Formale Strenge und romantische Ader

Sonnier benutzte in seiner Kunst vor allem industrielle und ephemere Materialien. Er gehörte zu den ersten Künstlern, die Licht als Skulptur einsetzten und Neonröhren zu Zeichnungen im Raum formten. Seine Serien von Wandinstallationen aus bunten Lichtlinien, die auf vorhandene Architektur reagieren, gehören zu seinen bekanntesten Werken. So begegnet beispielsweise den Passagieren am Münchner Flughafen eine großformatige Sonnier-Arbeit. Zur Jahrtausendwende bespielte er die Fassade des Kunsthauses Bregenz mit einer farbigen Lichtkomposition, 2002 die Neue Nationalgalerie in Berlin. Dass er die streng geometrischen Linien in Blau, Gelb und Rot damals "Ba-O-Ba Berlin" nannte (einem aus Haiti stammenden Begriff, der in Louisiana für "Mondschein über dem Meer" oder "im Licht gebadet" benutzt wird), zeigt, dass Sonnier seinen Arbeiten bei aller formalen Strenge auch eine romantische Note erlaubte.

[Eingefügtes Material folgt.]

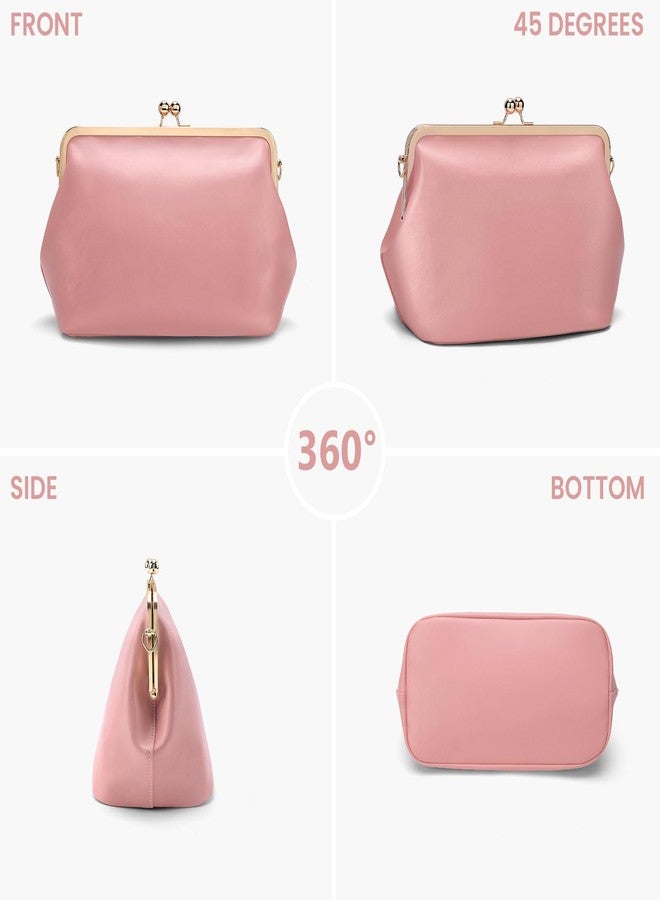 CATSEA Women's Kiss Lock Crossbody Bag PU Medium Handbags Kiss Clasp Crossbody Shoulder Bags Tote Purse Messenger Handbag - Image 3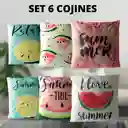 Set De 6 Cojínes De Terciopelo De Diseños Frutales Verano Grupo B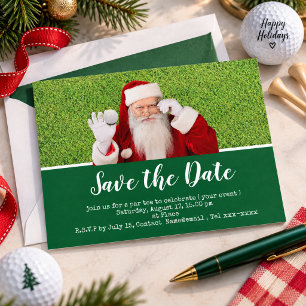 Carte Postale Golf sauve la date avec le Père Noël pour Noël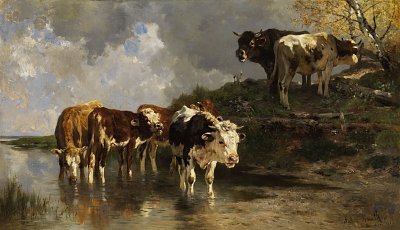 Rinder an der Tränke von Anton Braith als Kunstdruck auf Leinwand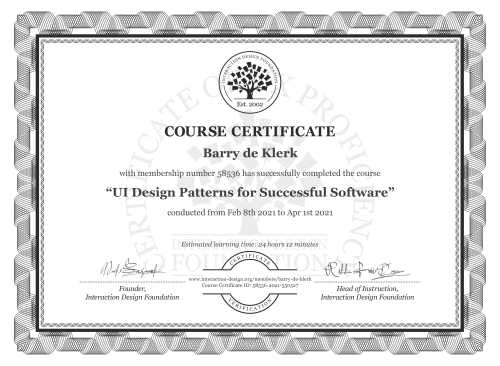 Barry de Klerk’s Course Certificate: UI Design Patterns for Successful Software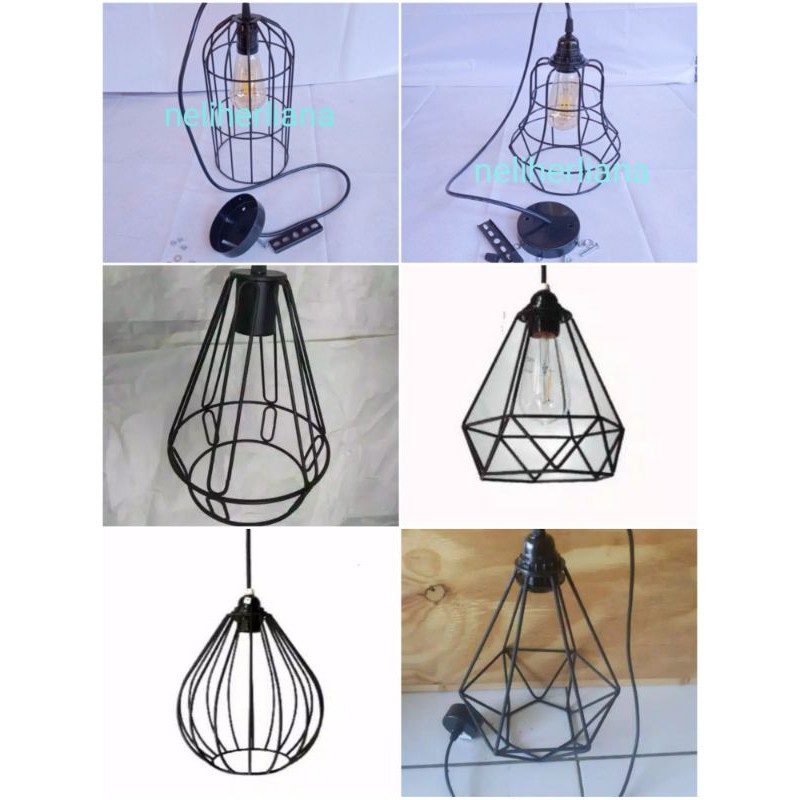 Lampu hias gantung 1set fitting kabel kap dudukan plafon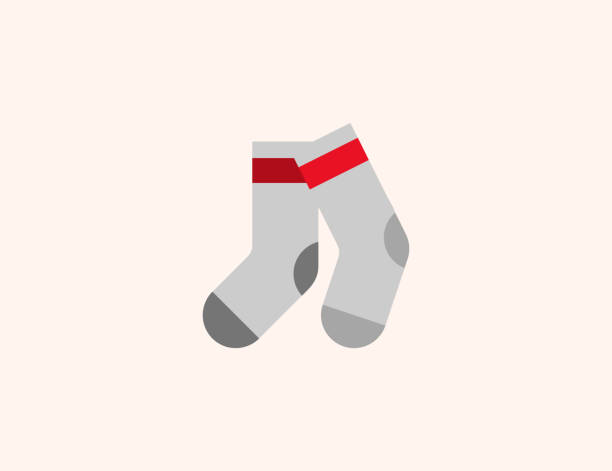 stockillustraties, clipart, cartoons en iconen met socks vector pictogram. geïsoleerde kerstmis, de sokken van de nieuwe jaargeschenk vlak gekleurd symbool - lange sokken
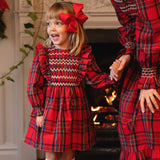 Anna Pavlova Dress Stewart Tartan with Midas’ Touch Hand Smocking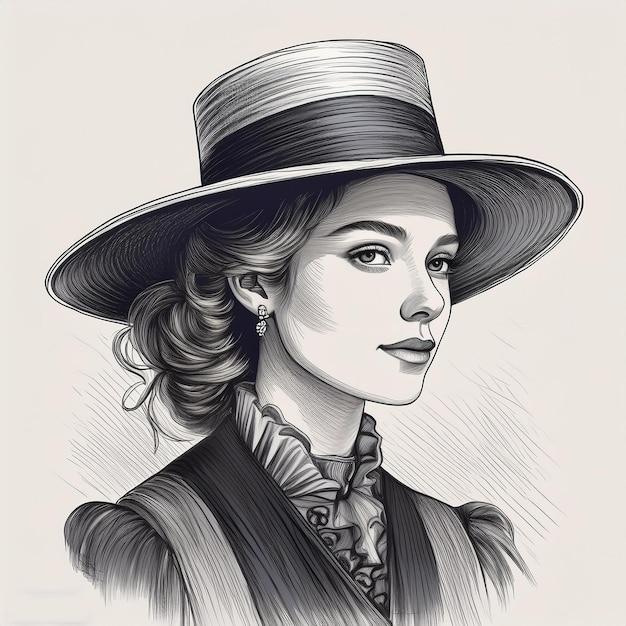 a drawing of a woman wearing a hat with a scarf around her neck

Anders als Zeitgenossen wie Bruce Nauman, Richard Serra oder Eva Hesse wurde Keith Sonnier kein Superstar der Kunstwelt. Doch in den vergangenen Jahren wurden seine Werke und sein Einfluss auf die Erweiterung des Skulpturbegriffs wieder verstärkt gewürdigt. Vor kurzem kaufte die renommierte US-amerikanische Dia Art Foundation mehrere Werke Sonniers an. Eine Ausstellung mit den raumfüllenden Installationen ist 2022 in Beacon, New York, geplant.